*Requirement*.
Before copying, remove every picture, and then repeat all entries below precisely as written.

*Data supplied*.
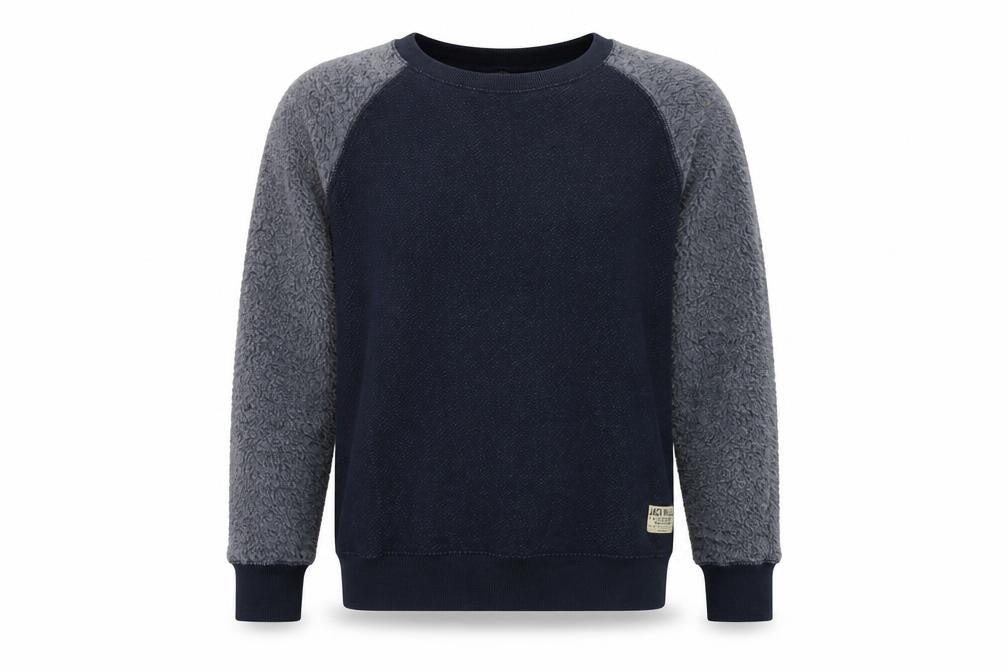 Front view of Jack Wills women’s blue cotton pullover sweatshirt, size UK 8, pullover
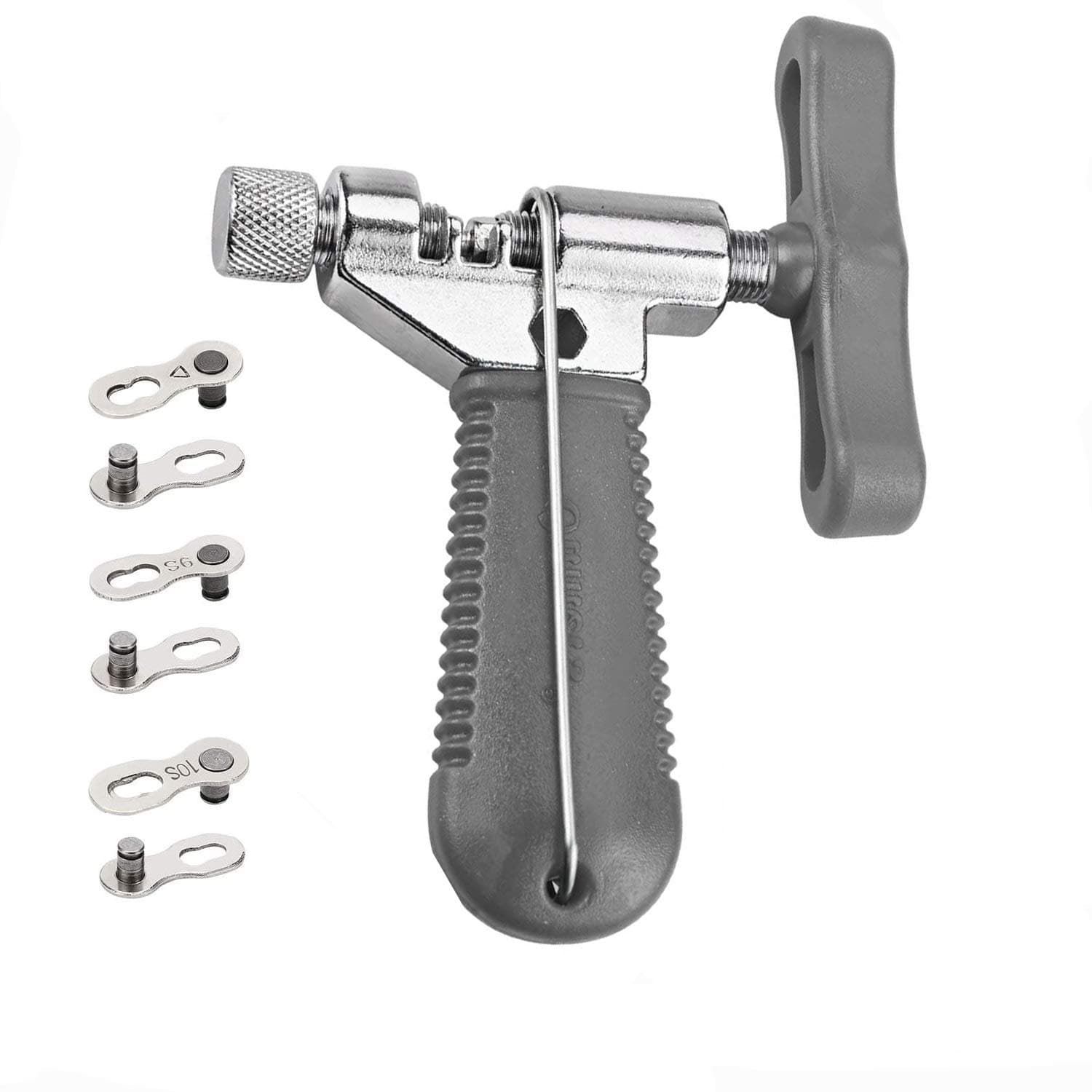 QKURTBike Chain Splitter + 3 Pairs Bicycle Missing Link, Universal Bike Chain Cutter Breaker Tool With Chain Hook for 7 8 9 10 Speed Bicycle Chain Link Repair Removal/Install - Reusable Bicycle Tools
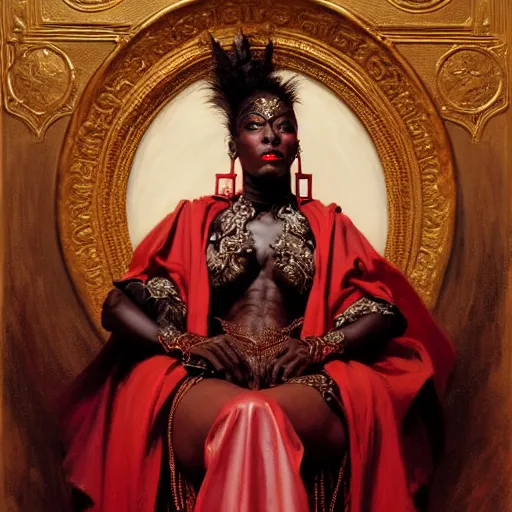 Prompt: full body portrait of black skinned, masked queen in red gothic robes sitting on a throne of bones, elegant, highly detailed painting by gaston bussiere, craig mullins, j. c. leyendecker, 8 k, mid shot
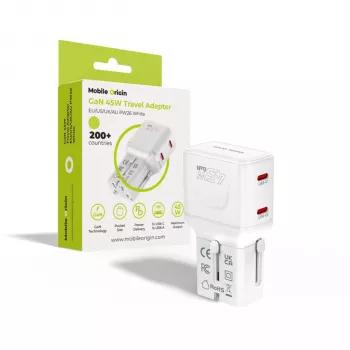 Mobile Origin 45W reseadapter EU/US/UK/AU PW26, vit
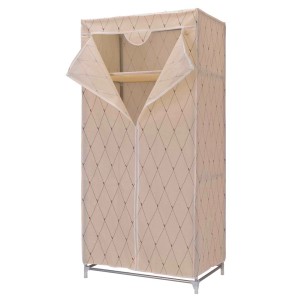Beżowa szafa materiałowa z zamkiem błyskawicznym i wzorem w romby do organizacji garderoby.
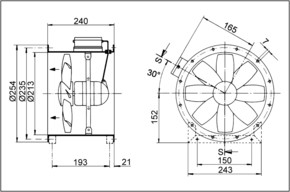 Maico Axial-Rohrventilator ex-geschuetzt DN 200 DZR 20/2 B Ex e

*Response for this exercise*.
 Front view of Jack Wills women’s blue cotton pullover sweatshirt, size UK 8, pullover
 QKURTBike Chain Splitter + 3 Pairs Bicycle Missing Link, Universal Bike Chain Cutter Breaker Tool With Chain Hook for 7 8 9 10 Speed Bicycle Chain Link Repair Removal/Install - Reusable Bicycle Tools
 Prompt: full body portrait of black skinned, masked queen in red gothic robes sitting on a throne of bones, elegant, highly detailed painting by gaston bussiere, craig mullins, j. c. leyendecker, 8 k, mid shot
 Mobile Origin 45W reseadapter EU/US/UK/AU PW26, vit
Beżowa szafa materiałowa z zamkiem błyskawicznym i wzorem w romby do organizacji garderoby.
 Maico Axial-Rohrventilator ex-geschuetzt DN 200 DZR 20/2 B Ex e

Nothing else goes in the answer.